A Bolsa brasileira nunca viu tanto dinheiro estrangeiro como neste mês de novembro. O otimismo global provocado pela eleição de Joe Biden nos Estados Unidos e, principalmente, as boas notícias relacionadas ao avanço das vacinas contra a covid-19 levaram os investidores de fora a colocarem na B3, neste mês, R$ 30 bilhões, o maior valor desde 1995, quando esse dado começou a ser computado. O índice Ibovespa chegou ontem a uma alta de 18% no mês, um dos maiores crescimentos entre as principais Bolsas mundiais.
Nem a segunda onda da covid-19 e o retorno de países da Europa aos lockdowns reduziu o otimismo dos investidores. A leitura dos estrategistas tem sido a de que a vacina torna possível olhar para um horizonte mais longo, de cerca de seis meses, em que se espera que ao menos uma das diferentes imunizações que já se mostraram eficazes tenha sido aplicada em larga escala. Por isso, essa alta nas Bolsas tem sido espalhada em todo o mundo: em novembro, o principal índice da Bolsa do México sobe 13%. Na Coreia do Sul, o ganho é de 16%. Nos Estados Unidos, o S&P; 500, da Bolsa de Nova York, avança 11,3%.
"A alta nos casos da covid-19 nos EUA e na Europa deve pesar sobre os prospectos de crescimento global nos próximos dois ou três meses", comentaram, na semana passada, os estrategistas do Morgan Stanley. "À medida que nos aproximarmos do segundo trimestre de 2021, o efeito dos lockdowns em países desenvolvidos (sobre o contágio pela doença), temperaturas altas e o início da vacinação em massa devem contribuir para uma melhoria das perspectivas de crescimento global."
Essa retomada deve impulsionar a demanda e os preços de commodities como aço, minério de ferro e petróleo. Empresas como Vale e Petrobrás, que produzem esses insumos, têm grande peso na B3, e influenciam o movimento do mercado. Como acumulavam quedas expressivas no ano, com os bancos, viraram "alvo fácil" para os estrangeiros, que têm a vantagem de comprar em dólares ações negociadas em reais.
"O mês de novembro foi um dos melhores da Bolsa em dez anos, refletindo as expectativas em relação aos avanços das vacinas contra a covid-19 e o retorno das atividades econômicas", diz Igor Cavaca, analista da plataforma de investimentos Warren. Mas, apesar do resultado extremamente positivo deste mês, a Bolsa, no ano, ainda tem um saldo negativo de R$ 55 bilhões em investimentos estrangeiros.

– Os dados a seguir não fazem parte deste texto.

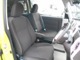 フロントシートは、クッションが厚く、快適な座り心地です。運転席には、シートヒーターを内蔵しています。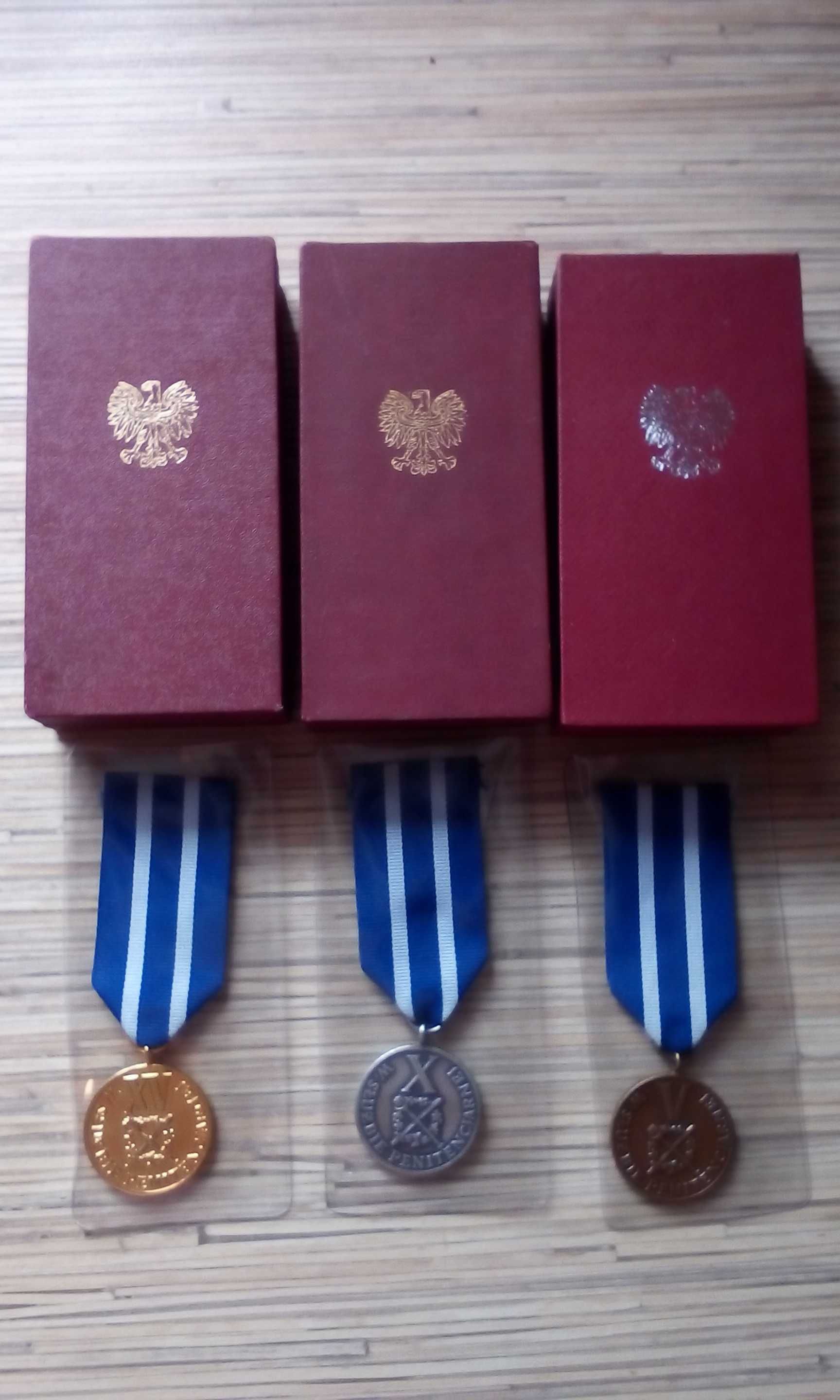 Odznaczenia medale służby więziennej komplet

No caso do outro fator que jogou a favor da Bolsa, o resultado da eleição americana, a avaliação é de que Biden, além de ser visto como mais amigável a países emergentes, é considerado um político mais previsível que seu antecessor. "Não é que com a vitória do Biden e os EUA serão menos duros com a China, mas há uma percepção de que terão uma postura menos desordenada, ao contrário do (atual presidente, Donald) Trump, que toma medidas de uma hora para a outra nas redes sociais", avalia Gilberto Nagai, responsável pela renda variável da BNP Paribas Asset Management. "Se isso for verdade, implicará mais crescimento para a China, o que será bom para as commodities."
Risco local
O otimismo, porém, não tornou o estrangeiro menos seletivo. A continuidade do retorno depende da melhoria das condições locais, especialmente nas contas públicas. Por conta dos gastos com a pandemia, o Brasil deve fechar o ano com dívida pública próxima a 100% do PIB, nível pouco confortável para países sem grau de investimento. "O investidor aloca em mercados emergentes e acaba pingando no Brasil. Isso não é mérito nosso", diz Marcos De Callis, estrategista da Hieron Patrimônio Familiar e Investimento. "Essa rotação (entre diferentes mercados) pode durar alguns meses. Só acho lamentável o Brasil não ter um diferencial."
É a falta desse diferencial que pode fazer com que esse dinheiro, que voltou rápido, também saia rápido. O que vai definir a permanência dos recursos são as sinalizações do governo em torno do ajuste fiscal. "Mesmo se o externo continuar favorável, o Brasil pode não surfar nessa onda se não houver avanço na agenda de reformas que priorizem o fiscal", diz De Callis.
O Brasil, porém, também terá uma missão importante em uma das frentes defendidas pelo novo presidente americano: a ambiental, que, na visão de analistas estrangeiros, espanta muitos investidores. "Biden vai cobrar algumas políticas do Brasil, como na área ambiental, colocando o presidente brasileiro na linha de frente. Vamos ver como Bolsonaro reagirá caso isso aconteça", diz Thomás Gibertoni, analista da Portofino Multi Family.